Text-to-QA Data Synthesis Pipeline
About 741 wordsAbout 2 min
2025-06-16
1. Overview
The Text-to-QA Data Synthesis Pipeline automatically generates high-quality Q&A pairs from raw text and evaluates their quality, suitable for building datasets for document QA training.
We support the following use cases:
- Synthesis of training data for document QA
- Automatically constructing high-quality Q&A pairs from provided text
The main stages of the pipeline include:
- Content selection: choose representative content from large volumes of text as the basis for Q&A generation.
- Q&A generation: generate questions and answers based on text content.
- Quality evaluation: score and provide feedback on Q&A pairs across multiple dimensions.
2. Quick Start
Step 1: Install dataflow
pip install open-dataflowStep 2: Create a new dataflow workspace
mkdir run_dataflow
cd run_dataflowStep 3: Initialize Dataflow
dataflow initYou will see
run_dataflow/pipelines/api_pipelines/text2qa_pipeline.pyStep 4: Set your API key and api_url
For Linux and macOS
export DF_API_KEY="sk-xxxxx"For Windows
$env:DF_API_KEY = "sk-xxxxx"In text2qa_pipeline.py, set api_url like:
self.llm_serving = APILLMServing_request(
api_url="https://api.openai.com/v1/chat/completions",
model_name="gpt-4o",
max_workers=1
)Step 5: One-click run
python pipelines/api_pipelines/text2qa_pipeline.pyYou can also run any other pipeline script as needed; the process is similar. Below we introduce the operators used in the pipeline and how to configure them.

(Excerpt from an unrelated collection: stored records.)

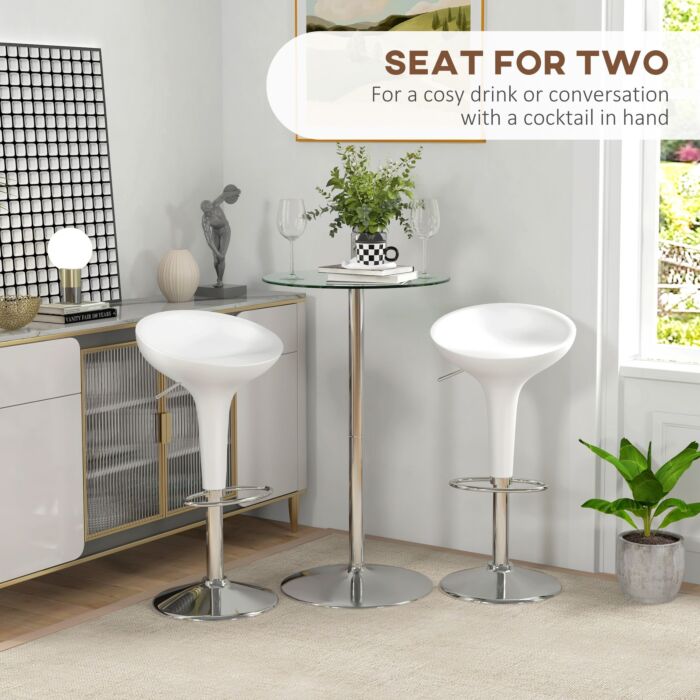 Homcom High Top Bar Table, Round Kitchen Table With Tempered Glass Top And Steel Base, Bistro Table For 2 People, Clear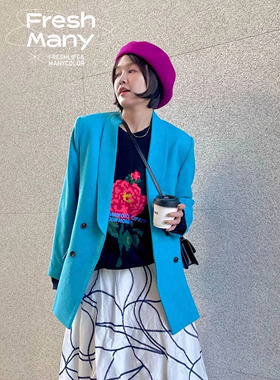 限量 原创日本进口稀有宝石蓝羊毛粗花彩点复古西装女西装外套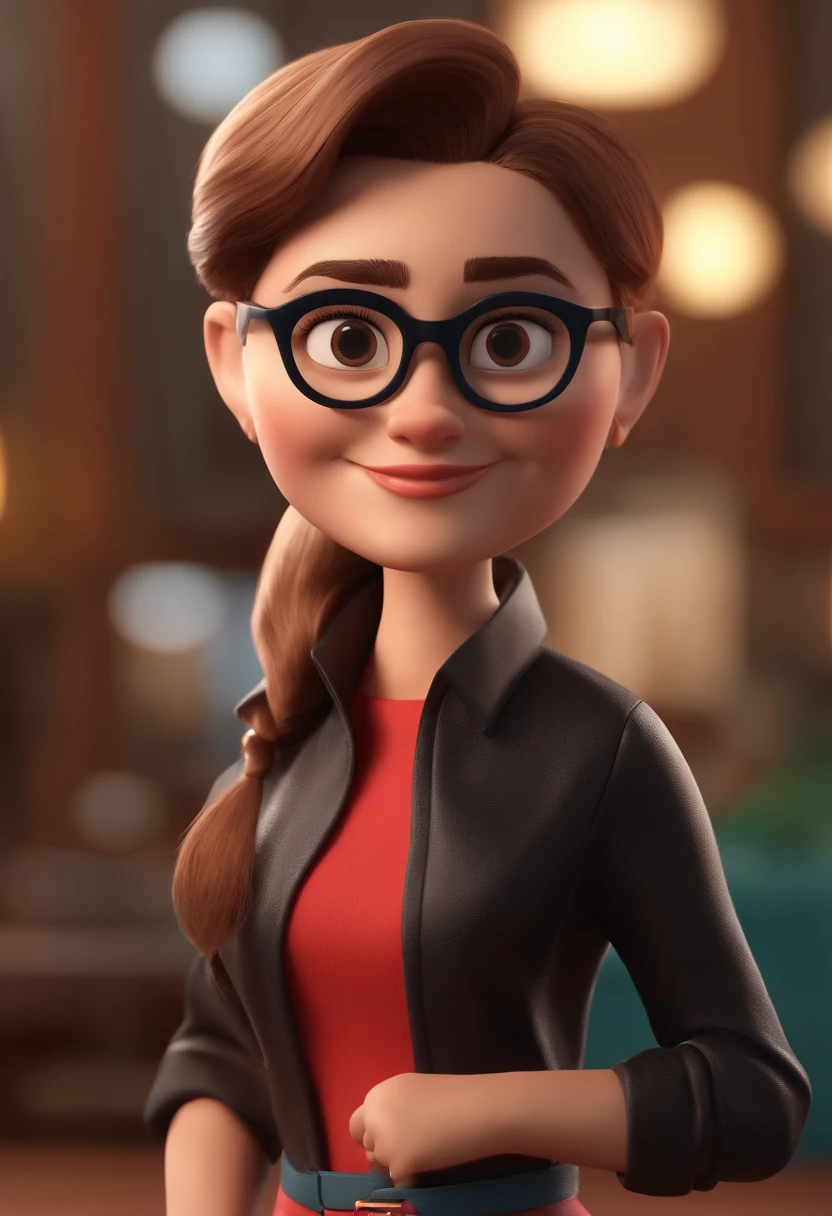 Cartoon character of a woman in with black glasses and a red shirt Animation character, Caractere estilizado, animation style rendering, 3D estilizado, Arnold Maya render, 3 d render stylized, toon render keyshot, Personagem 3D, Personagem 3D, 3d rendering stylized, 3 d character render, personagem de desenho animado, Personagem de close up, Pose de personagem,  (Estilo Pixar) (master part:1.2) (Bokeh) (best quality) (pele detalhada) (textura detalhada) (8k) (argila) (Cinematic lighting) (foco nítido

3. Data Flow and Pipeline Logic
1. Input Data
The pipeline input includes the following fields:
- text: raw text content
Inputs can be stored in designated files (such as json or jsonl) and managed and read via the FileStorage object. In the provided example, the default data path is loaded; in practice, you can modify the path to load custom data and cache paths:
self.storage = FileStorage(
first_entry_file_name="../example_data/core_text_data/pipeline_small_chunk.json",
cache_path="./cache_local",
file_name_prefix="dataflow_cache_step",
cache_type="json",
)2. Content Selection (KCenterGreedyFilter)
2.1 Sampling
The first step is to use the Sampling operator (KCenterGreedyFilter) to select a portion of text content from a large dataset. This step is crucial because it determines which text content will be used in the subsequent generation process.
Functionality:
- Identify and select representative text content from a set of textual contexts
Input: Original text content
Output: Selected text content
self.llm_serving = APILLMServing_request(
api_url="https://api.openai.com/v1/chat/completions",
model_name="gpt-4o",
max_workers=1
)
embedding_serving = APILLMServing_request(
api_url="https://api.openai.com/v1/embeddings",
model_name="text-embedding-ada-002",
max_workers=100
)
self.content_chooser_step1 = KCenterGreedyFilter(embedding_serving=embedding_serving, num_samples=5)
result = self.content_chooser_step1.run(
storage = self.storage.step(),
input_key = "text"
)3. Q&A Generation (Text2QAGenerator)
The second step is to use the Q&A Generator (Text2QAGenerator) to generate multiple questions and answers for each text input.
Functionality:
- Directly generate questions and answers from text; configurable number of questions
Input: Selected text content
Output: Generated prompts, questions, and answers
self.text2qa_generator_step3 = Text2QAGenerator(self.llm_serving)
result = self.text2qa_generator_step3.run(
storage = self.storage.step(),
input_key="text",
input_question_num=3,
output_prompt_key="generated_prompt",
output_quesion_key="generated_question",
output_answer_key="generated_answer"
)4. Q&A Quality Evaluation (Text2QASampleEvaluator)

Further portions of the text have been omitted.